Alors voilà, bien des portes restent ouvertes pour le futur Matrix Revolutions : qu’est-ce qui fait disjoncter l’agent Smith et son nouveau pouvoir, qui était Merovingian, qui a conçu l’architecte, quel est ce sombre type qui a tenté de tuer Neo et qui est sorti vivant de Zion, etc. Le terrain a été décapé à la soude caustique, cette fois-ci, pour l’épisode suivant. Un scène démontrant, à mon avis, le peu d’intérêt qu’on eu les frères Wachowski pour ce film : la scène finale, absolument ridicule et totalement incontrôlée.

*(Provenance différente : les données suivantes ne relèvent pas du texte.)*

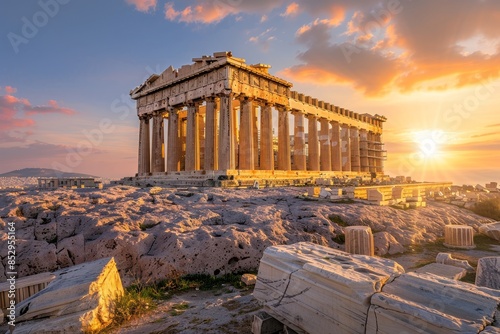 Vibrant sunset casting hues on parthenon temple, acropolis of athens, greece, creating stunning view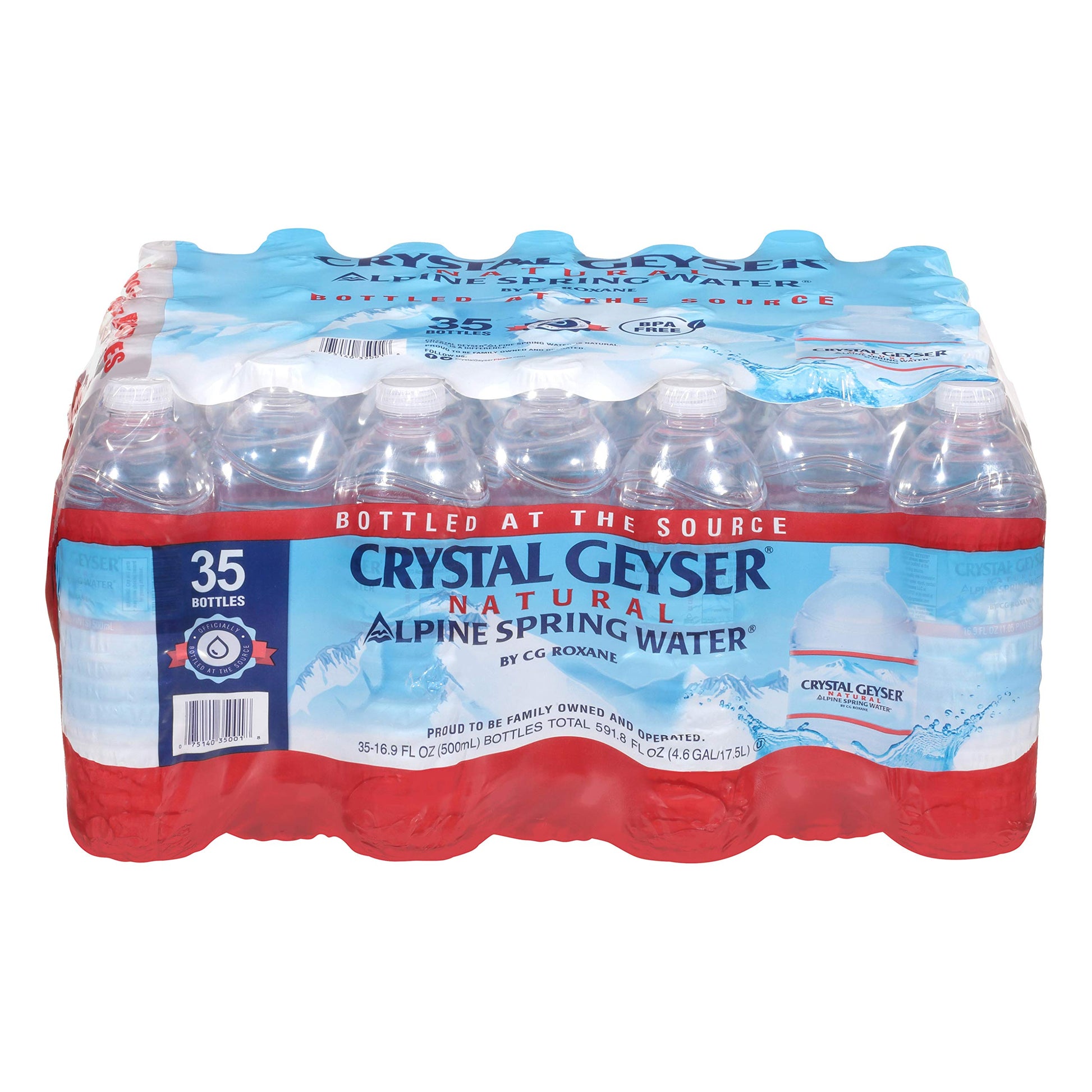 Crystal Geyser Pallet Of 84 Cases, Of Alpine 100% Natural Spring Water, 24 16.9oz bottles per Case, Bottled at The Source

Neo, dans le coma, et tout le monde s’en fout. On veut nous faire croire qu’il est dans un état critique, mais aucun moyen (ni la musique, ni le jeu d’acteur, ni les plans faits par la caméra), n’est mis en oeuvre pour tenter de nous faire ressentir la plus petite émotion. On sait qu’il va se réveiller, il n’y a aucun doute; pourquoi cette scène, alors ?

La réponse était déjà dans les dialogues, revenant à plusieurs reprises dans le film : « on fait d’abord le film, et on se pose la question du pourquoi plus tard ». (dialogue à peine modifié)

Dommage, car en travaillant le film un peu plus, en faisant moins de remplissages, les frères Wachowski auraient pu rentrer dans la légende avant même que trop d’eau n’ait coulée sur les ponts.

(message original du 03-11-2003 @ 01:56:01)

Cette publication a un commentaire

  1. jcv

    Autant préciser, on m’avait prévenu que la vision du troisième opus allait changer quelque peu mon avis. Je n’en croyais pas un traître mot, mais rien n’y fit, mon opinion changea.

    Parce que je ne vais pas faire une critique du dernier volet, autant conseiller une très bonne critique effectuée par mon copain s427 et notre ami Fred.